Transactions across shards — distributed transactions are slow and complex (two-phase commit).

The rule: don't shard until you have to. Vertical scaling and read replicas solve most problems. Shard when a single machine can't hold your data or handle your write throughput.

Consistent Hashing

With simple hash-based sharding (hash(key) % num_shards), adding or removing a shard remaps almost every key. If you go from 4 shards to 5, roughly 80% of your data needs to move. That's a nightmare at scale.

Hash Ring Structure

Both approaches use the same hash function (e.g., MD5, murmur3) to hash the key. The difference is what happens after:

Naive modulo: hash(key) % num_nodes — the result is tied to the number of nodes. Change the node count and almost every key remaps.
Hash ring: the hash maps to a fixed position on a circle.
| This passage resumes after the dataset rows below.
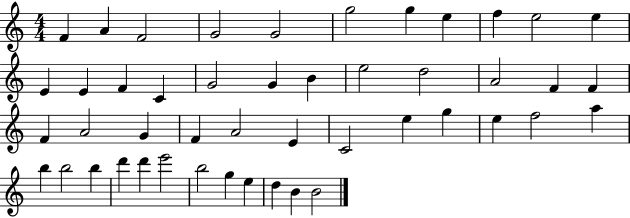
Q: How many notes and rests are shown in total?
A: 47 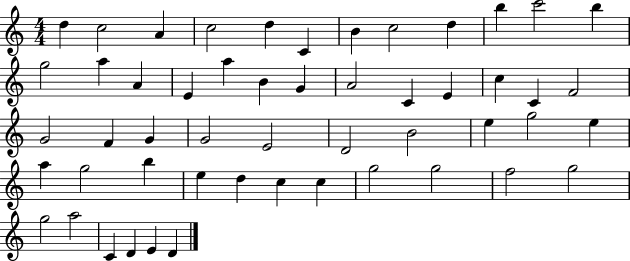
X:1
T:Untitled
M:4/4
L:1/4
K:C
d c2 A c2 d C B c2 d b c'2 b g2 a A E a B G A2 C E c C F2 G2 F G G2 E2 D2 B2 e g2 e a g2 b e d c c g2 g2 f2 g2 g2 a2 C D E D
Nodes also sit on the circle. Each node owns the range from the previous node's position to its own.

Consistent hashing arranges all possible hash values in a circle (ring) from 0 to 2³²-1. Both keys and nodes are hashed onto this ring:

           0
         /   \
       N1      N3
      /           \
     |      ring    |
      \           /
       N2      N4
         \   /
         2³²-1

Each node owns a range — all keys from the previous node (clockwise) up to itself. To find which node owns a key: hash the key, walk clockwise on the ring until you hit a node. That node owns the key.

Example (ring 0 to 200):
  N1 at position 50   → owns range (150, 50]  (wraps around from N4)
  N3 at position 80   → owns range (50, 80]
  N2 at position 120  → owns range (80, 120]
  N4 at position 150  → owns range (120, 150]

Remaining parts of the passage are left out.